"""

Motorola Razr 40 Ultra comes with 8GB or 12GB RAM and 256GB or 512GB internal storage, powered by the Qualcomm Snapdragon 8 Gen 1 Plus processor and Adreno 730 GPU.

"""
"""

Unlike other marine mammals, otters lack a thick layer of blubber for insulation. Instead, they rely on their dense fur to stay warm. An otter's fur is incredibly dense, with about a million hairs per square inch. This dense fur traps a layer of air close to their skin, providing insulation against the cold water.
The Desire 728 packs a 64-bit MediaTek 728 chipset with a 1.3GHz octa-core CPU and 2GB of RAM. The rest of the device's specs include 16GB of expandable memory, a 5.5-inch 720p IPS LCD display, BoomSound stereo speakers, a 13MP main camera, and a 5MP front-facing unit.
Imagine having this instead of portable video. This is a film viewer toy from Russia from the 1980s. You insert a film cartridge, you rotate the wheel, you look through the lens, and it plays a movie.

"""

> Work instructions:
Take the line above containing "The Desire 728", the line containing "Imagine having this", and all lines in between, and copy them exactly without anything else.

> Solution for this exercise:
The Desire 728 packs a 64-bit MediaTek 728 chipset with a 1.3GHz octa-core CPU and 2GB of RAM. The rest of the device's specs include 16GB of expandable memory, a 5.5-inch 720p IPS LCD display, BoomSound stereo speakers, a 13MP main camera, and a 5MP front-facing unit.
Imagine having this instead of portable video. This is a film viewer toy from Russia from the 1980s. You insert a film cartridge, you rotate the wheel, you look through the lens, and it plays a movie.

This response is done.